MPD investigators said they believe that Iio began to abuse the victim under the pretext of chiropractic treatment about two months after she was born, adding that the abuse occurred only when his wife was away from home.

   

Investigators said that there were traces of burns caused apparently by a stun gun.  Iio also allegedly used the stun gun to abuse a rabbit that his family was keeping at their home.  He had bought the weapon for self-protection.

 

Mainichi Daily News

 

Chiropractor Charged in the Death of Her Husband

 

WISCONSIN:  The Walworth County District Attorney has upgraded the charges against a Park Ridge chiropractor in the death of her husband.

  

New charges filed in late February against Carol McGough LaPorte include first-degree reckless homicide while armed with a dangerous weapon and aggravated battery while armed with a dangerous weapon.

   

LaPorte had been charged previously with second-degree reckless homicide in Anthony LaPorte’s death.

   

Anthony LaPorte’s death Sept. 28, 2004, in Williams Bay, Wis., was caused by blood loss from a single knife wound to the heart.

 

The original criminal complaint filed Dec. 8 states that the couple had an argument, and Carol LaPorte was afraid her husband would choke her.  She had a bruise on her arm but none on her neck, according to the complaint.  She also states in the complaint that she stabbed her husband because she was afraid of what he would do to her.

   

The couple had not had physical fights before, according to her statements in the complaint.

  

The first-degree reckless homicide charge carries a sentence of 65 years in prison.  The aggravated battery charge carries a fine up to $10,000 and a prison sentence up to 11 years.  Both charges carry an additional five-year penalty for the use of a dangerous weapon.

  

Pioneer Press Online

 

Quadriplegic sues Quad-City chiropractor  

   

IOWA:  A former Davenport man has filed a lawsuit claiming that he went to a chiropractor’s office with a stiff neck and back pain and left a quadriplegic.

 

Gary D. Davis, 50, has no feeling in his extremities or below his neck and now lives in a nursing home near his family in Kentucky, attorney Andrew Rink said.  The lawsuit, filed early in February, claims that Davis went to the Davenport office of chiropractic doctor Bradley Merritt in July for the neck and back problems.

   

“At the time Davis was lying face down, receiving some sort of treatment, adjustment or manipulation by Dr.
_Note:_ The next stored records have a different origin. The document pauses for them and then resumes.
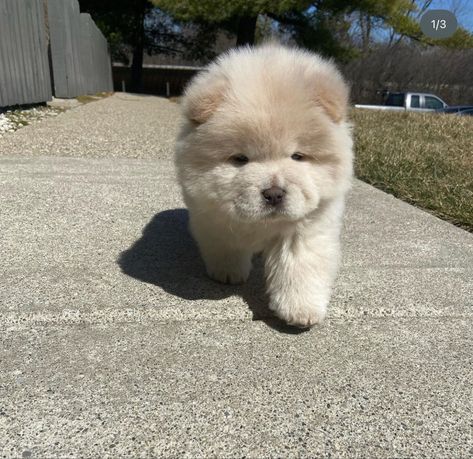 Puppy Chow Chow, White Chow Chow, Chow Puppy, Chow Chow Puppy, Chow Chow Dogs, Puppy Chow, A Puppy, Baby Dogs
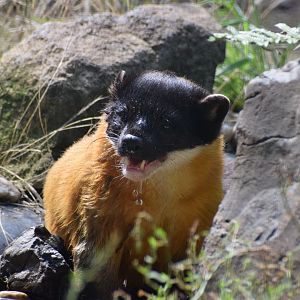 Yellow-throated marten - August 2023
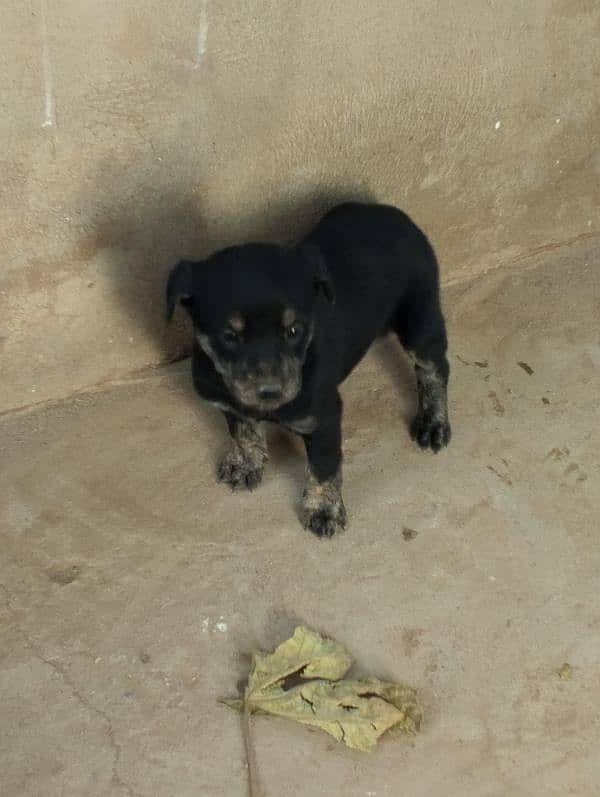 female puppy for sale 0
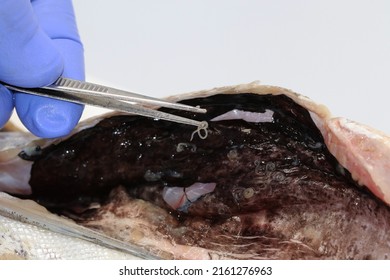 Veterinary Examination Of A Hake Containing The Parasitic Nematode Worm Anisakis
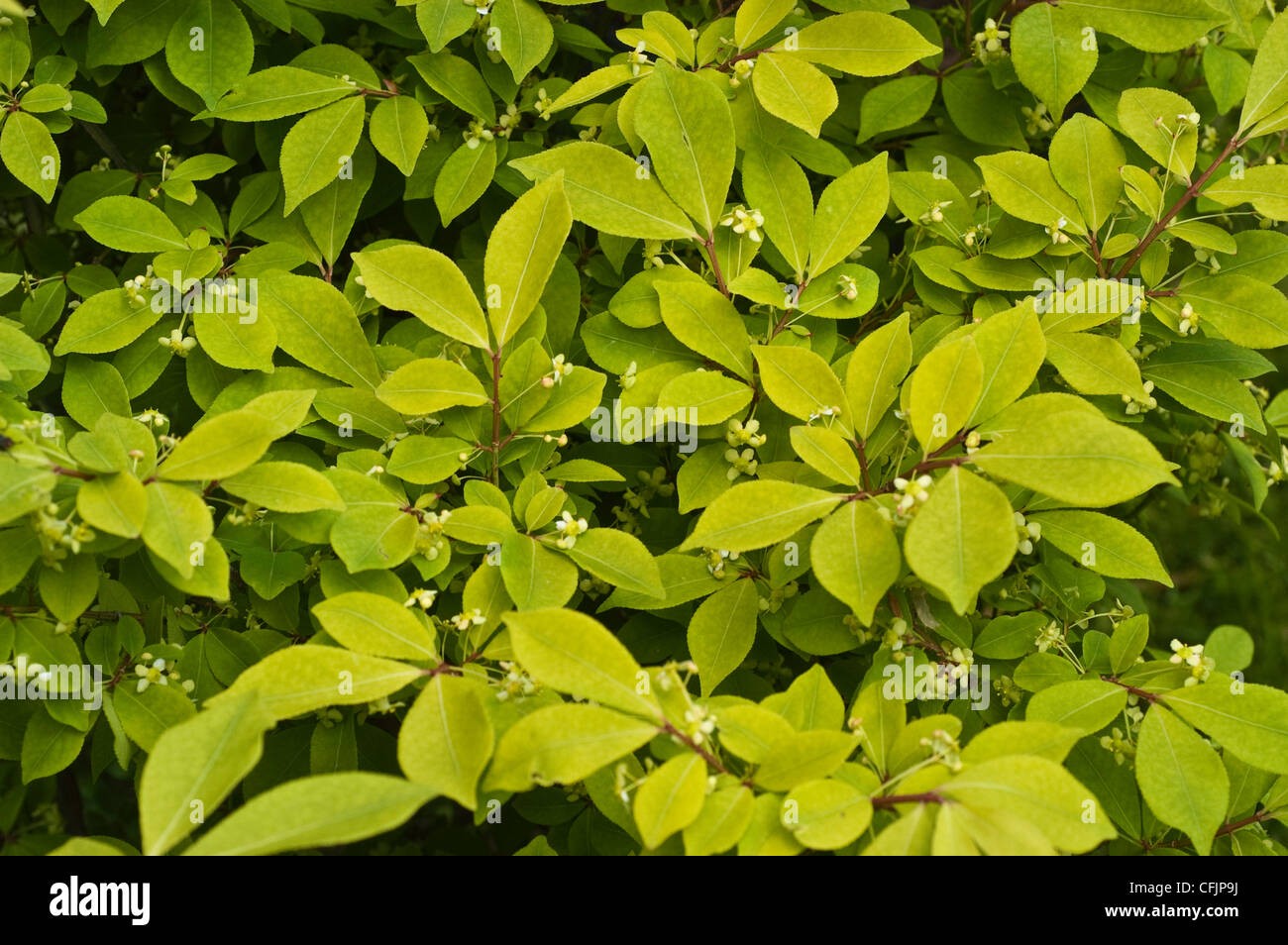 Yellow green foliage of Dwarf Burning Bush, Euonymus compacta Stock Photo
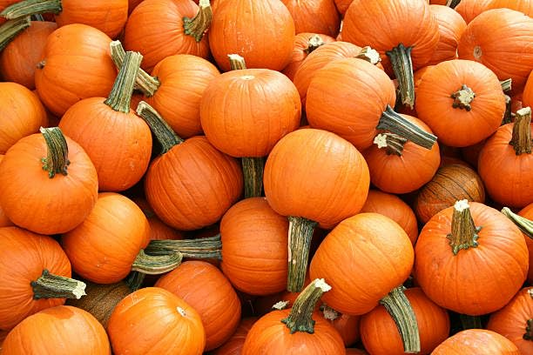 25 Wee-B-Little Pumpkin Seeds - AAS Winner, Non-GMO, Heirloom, Mini Pumpkins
Merritt, Davis had the sudden onset of very severe pain and became flaccid and quadriplegic,” the lawsuit claims.

   

Paramedics called to the scene found Davis sitting by the edge of the table being supported by Merritt, who had not placed Davis in a cervical collar, laid him flat or immobilized him, the lawsuit claims.  The lawsuit seeks unspecified damages for past and future physical and mental pain and suffering, disability, disfigurement and medical expenses.

 

“The allegations are negligence,” Rink said. “Dr. Merritt didn’t do any X-rays ahead of time.”

 

Davis had been treated once or twice at Merritt’s office about a year prior to the incident.

 

Dr. Merritt declined comment about the lawsuit, citing legal reasons.